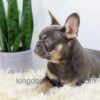 Image of Duster, a French Bulldog puppy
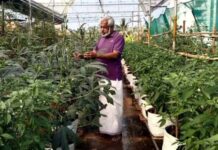 టెర్రస్ పై రోజూ 20 కిలోల కూరగాయల పంట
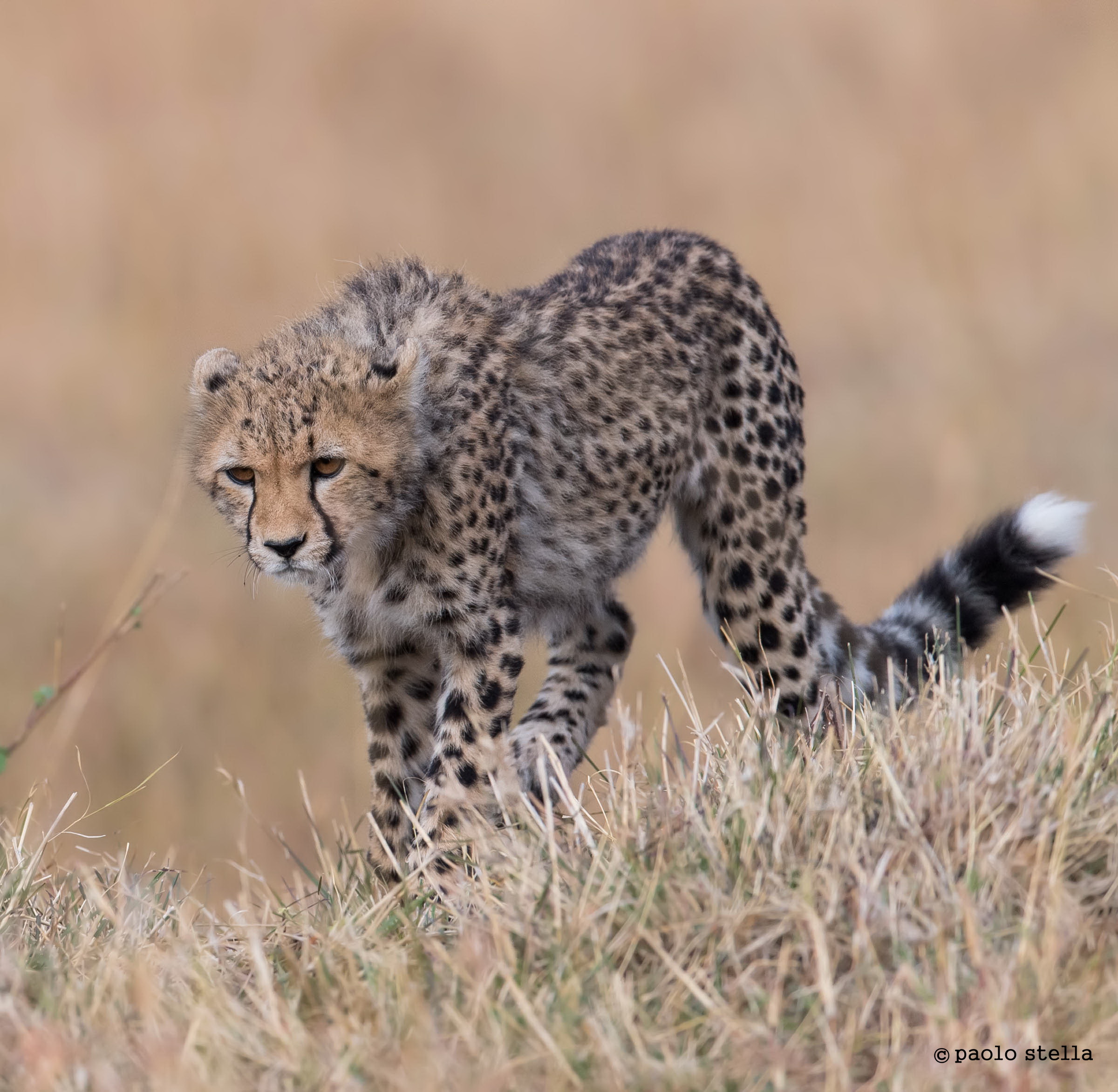 young cheetah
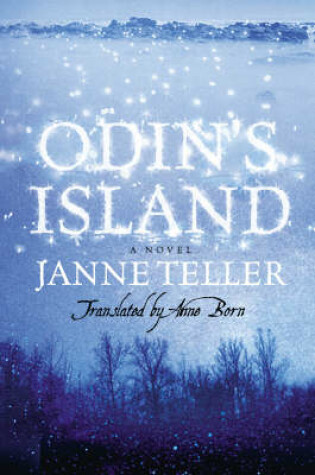 Cover of Odin's Island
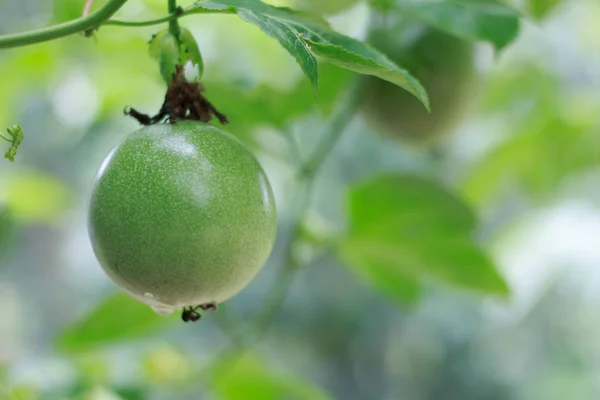 Πράσινα φρούτα του πάθους στην Αμπελίδα — Φωτογραφία Αρχείου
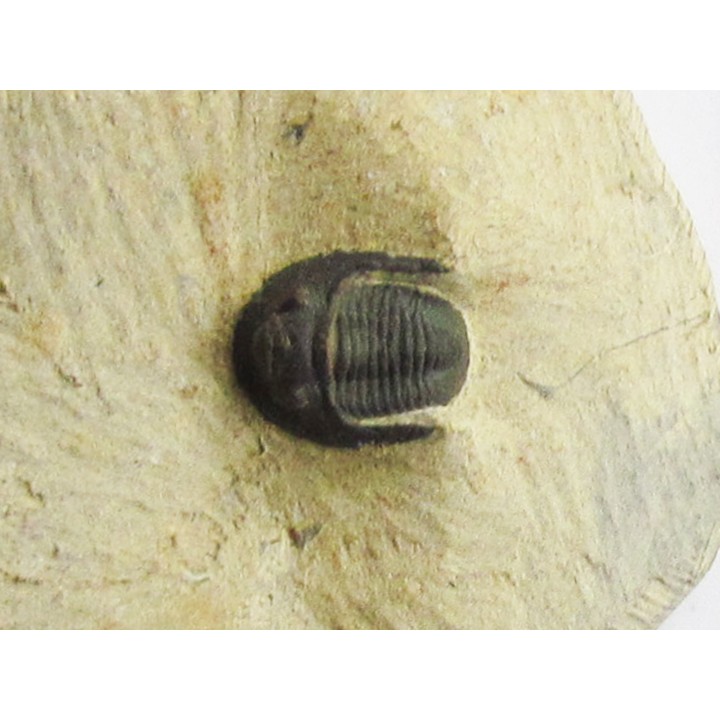 proetina ihmadii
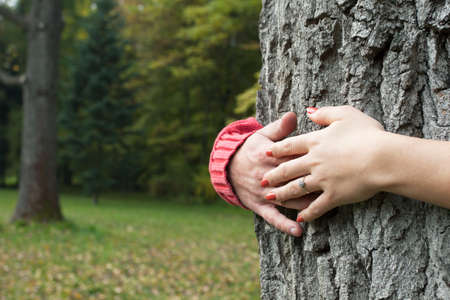 Couple in love holding hands around old treeの写真素材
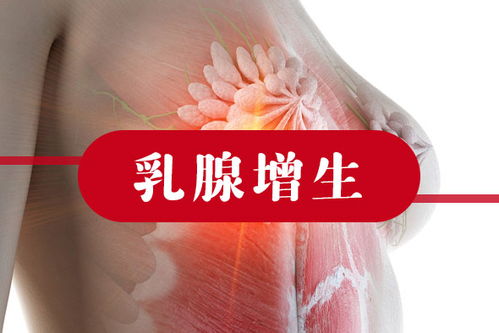 乳腺增生吃什么药最管用 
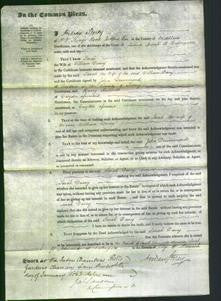 Court of Common Pleas - Sarah Davey-Original Ancestry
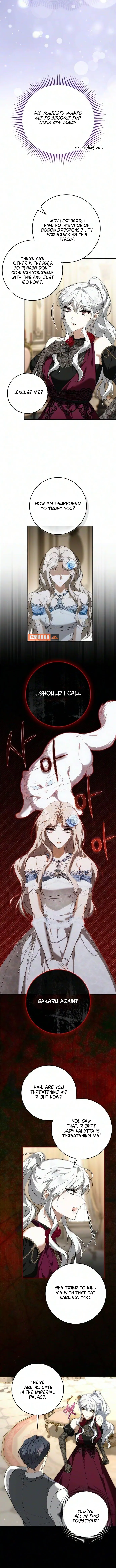 The Emperor Is Annoyed by the Maid Chapter 39 page 4
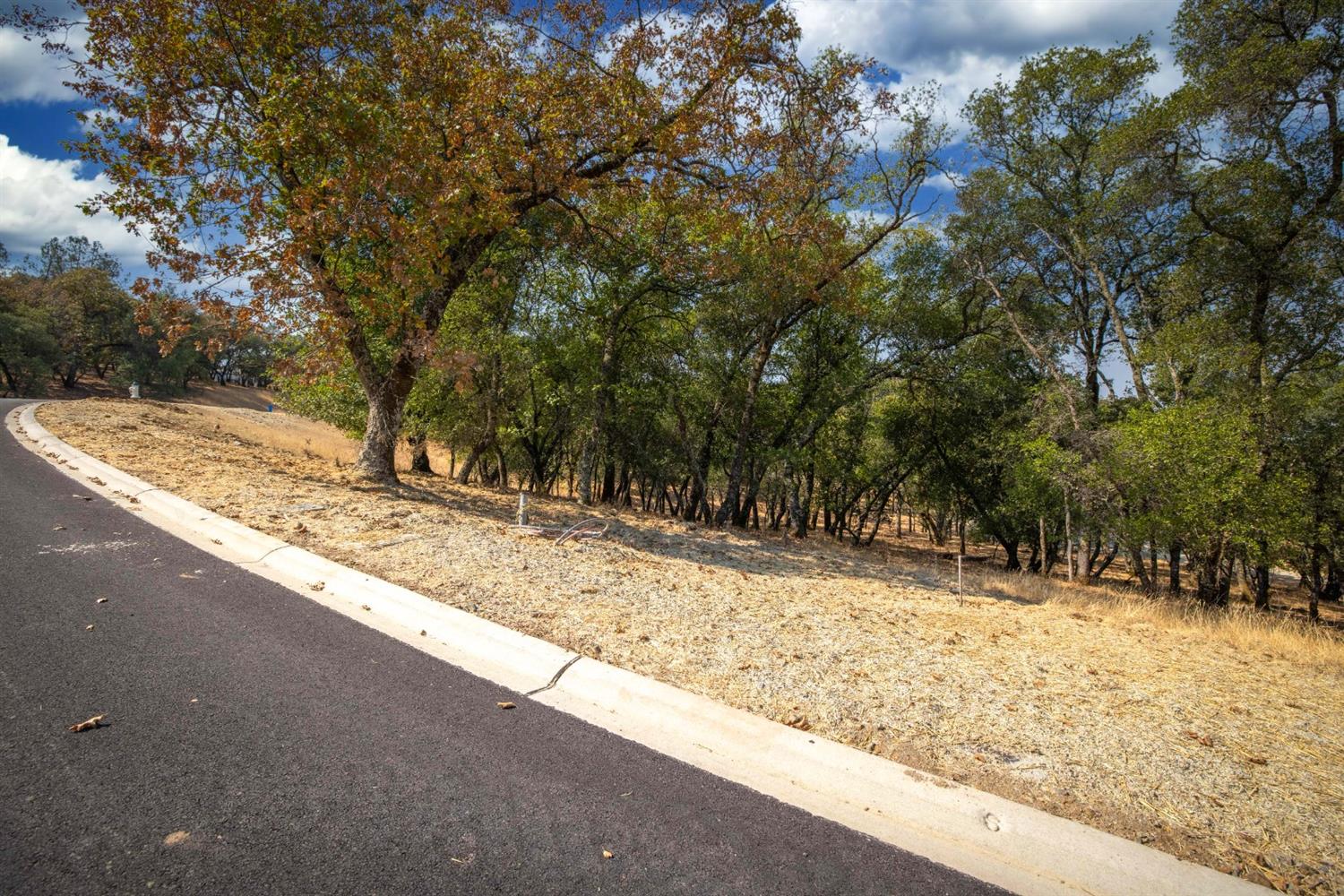 Detail Gallery Image 5 of 26 For 6828 Western Sierra Way, El Dorado Hills,  CA 95762 - – Beds | – Baths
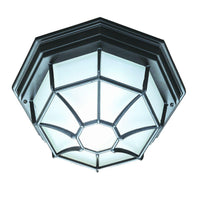 FlushMount Outdoor Ceiling Light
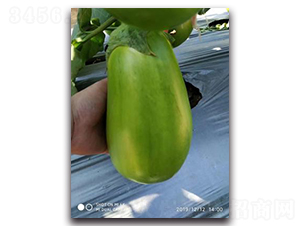 ����5̖(h��o)-���ӷN��-����N��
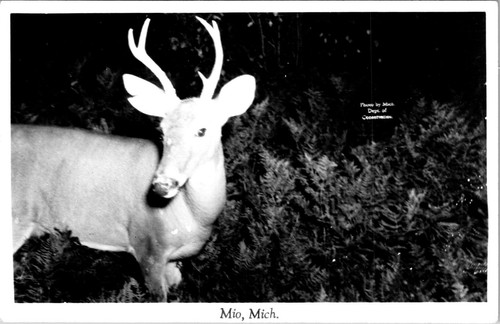 Rppc mio michigan - rppc,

*Work instructions*:
In the copy, no pictures are to appear; write out exactly the lines from the one containing "Couple in love" through the end of the listing above and no further lines.

*Your response*:
 Couple in love holding hands around old treeの写真素材
 乳腺增生吃什么药最管用 
 Court of Common Pleas - Sarah Davey-Original Ancestry
 The Emperor Is Annoyed by the Maid Chapter 39 page 4
 Detail Gallery Image 5 of 26 For 6828 Western Sierra Way, El Dorado Hills,  CA 95762 - – Beds | – Baths
 FlushMount Outdoor Ceiling Light
 ����5̖(h��o)-���ӷN��-����N��
 Rppc mio michigan - rppc,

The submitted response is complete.